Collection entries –
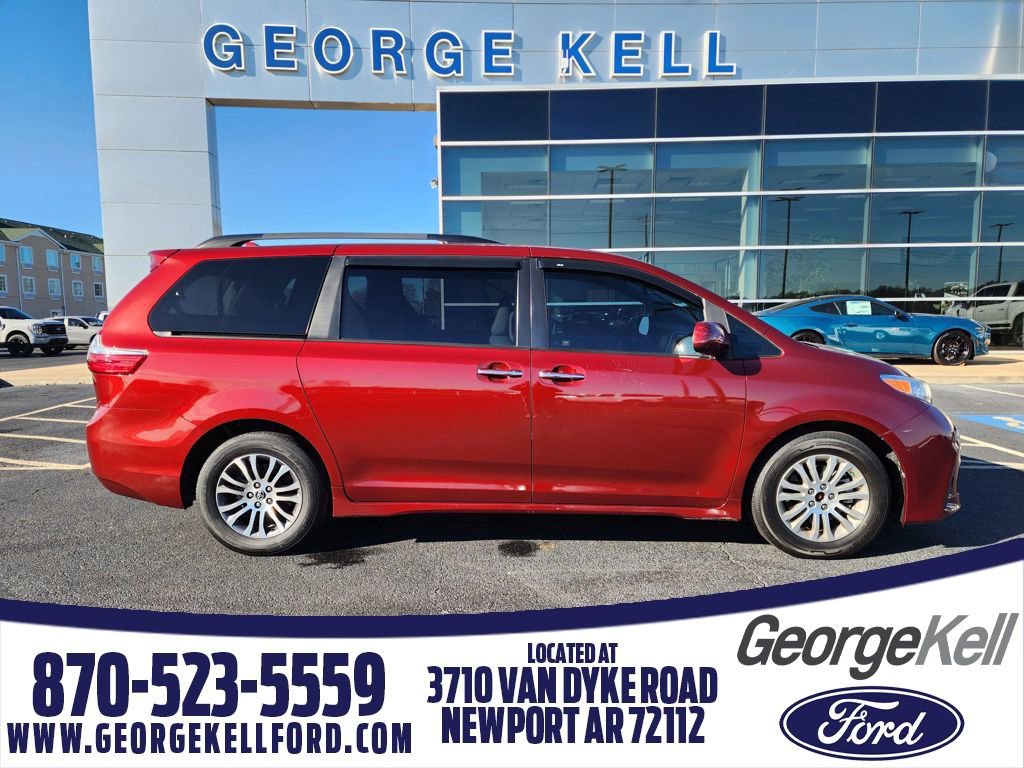 Used 2019 Toyota Sienna XLE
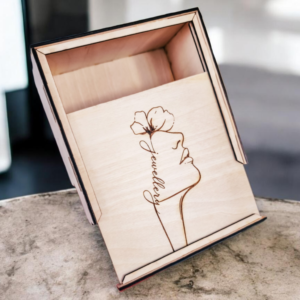 Drewniany organizer na biżuterię i gumki do włosów.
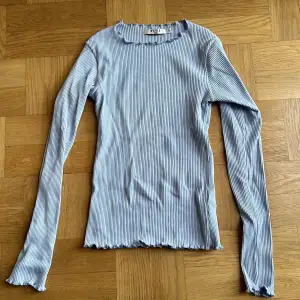 Säljer denna ljusblåa tröja från NA-KD i storlek XS. Tröjan är lite blåare i verkligheten än på bild. Tröjan är använd men är i super skick och säljs pga att den inte kommer till användning. Frakt tillkommer för köparen! Ingen ångerrätt! 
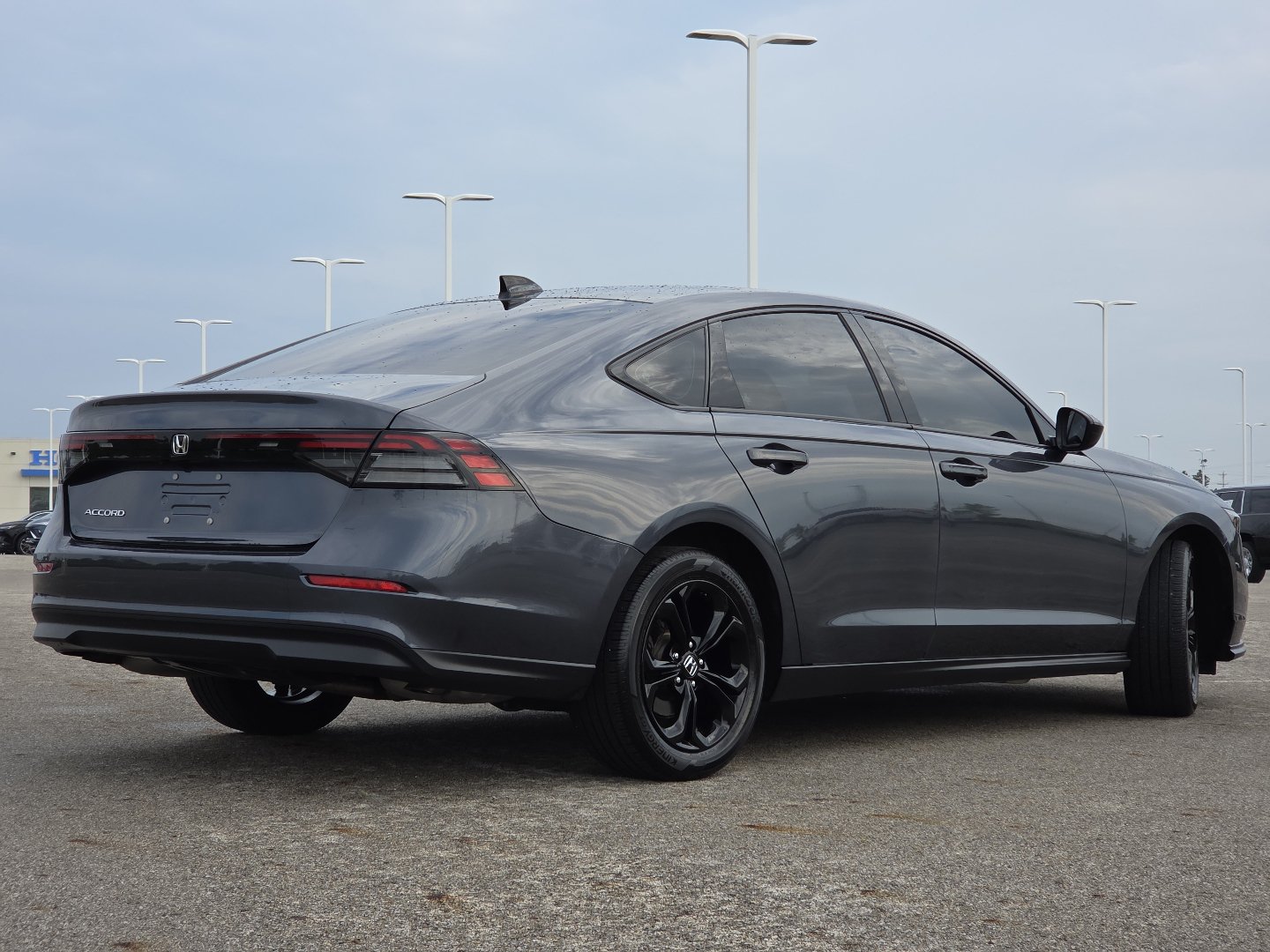 Used 2025 Honda Accord SE image 17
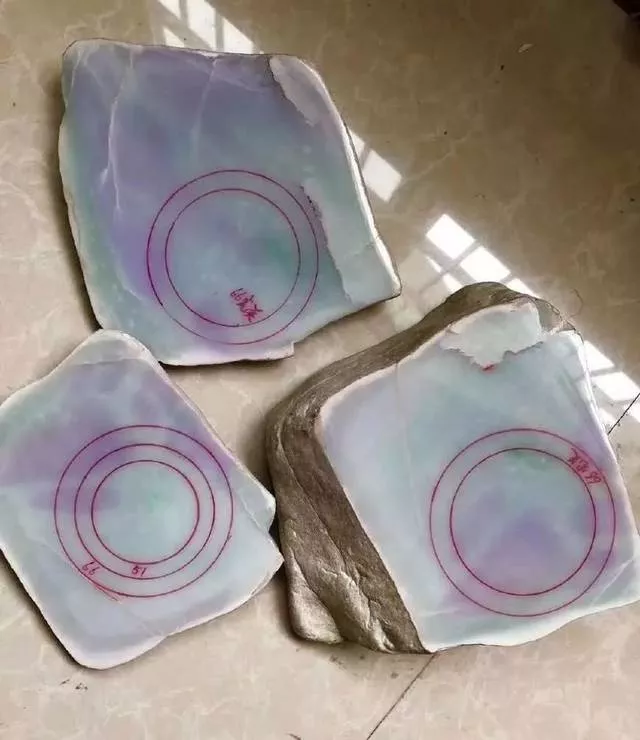 翡翠|玩转翡翠之必备知识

Work to be completed – Write out the records shown above exactly, but do not include any images.

Answer box –
 Used 2019 Toyota Sienna XLE
 Drewniany organizer na biżuterię i gumki do włosów.
 Säljer denna ljusblåa tröja från NA-KD i storlek XS. Tröjan är lite blåare i verkligheten än på bild. Tröjan är använd men är i super skick och säljs pga att den inte kommer till användning. Frakt tillkommer för köparen! Ingen ångerrätt! 
 Used 2025 Honda Accord SE image 17
 翡翠|玩转翡翠之必备知识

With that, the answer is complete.